How has/has Bo completed these stages?
- THE ORDEAL. Near the middle of the story, the hero enters a central space in the Special World and confronts death or faces his or her greatest fear. Out of the moment of death comes a new life.
- THE REWARD. The hero takes possession of the treasure won by facing death. There may be celebration, but there is also danger of losing the treasure again.
- THE ROAD BACK. About three-fourths of the way through the story, the hero is driven to complete the adventure, leaving the Special World to be sure the treasure is brought home. Often a chase scene signals the urgency and danger of the mission.

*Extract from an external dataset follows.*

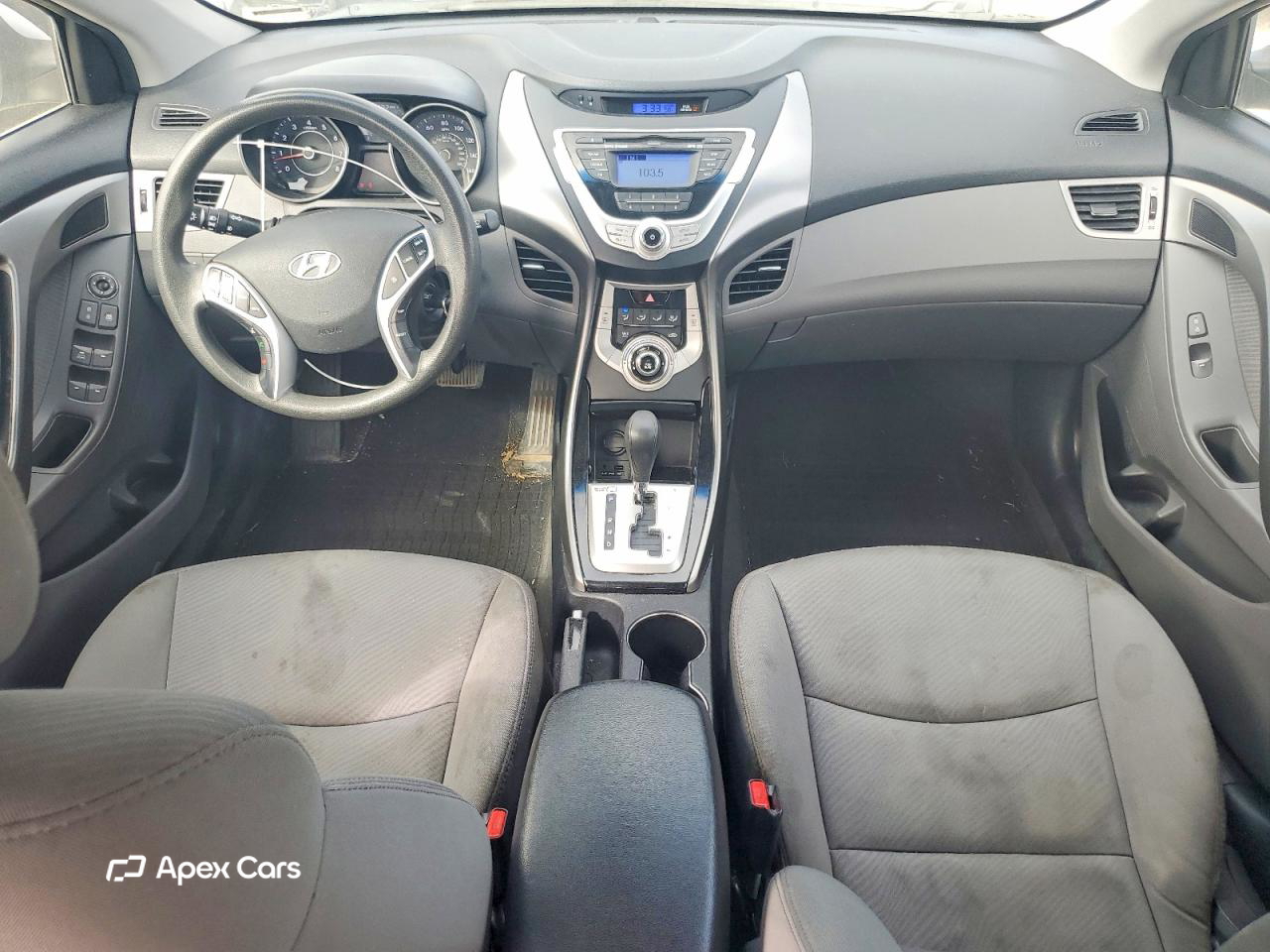 Hyundai Elantra 2012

- THE RESURRECTION. At the climax, the hero is severely tested once more on the threshold of home. He or she is purified by a last sacrifice, another moment of death and rebirth, but on a higher and more complete level. By the hero’s action, the polarities that were in conflict at the beginning are finally resolved.
- RETURN WITH THE ELIXIR. The hero returns home or continues the journey, bearing some element of the treasure that has the power to transform the world as the hero has been transformed.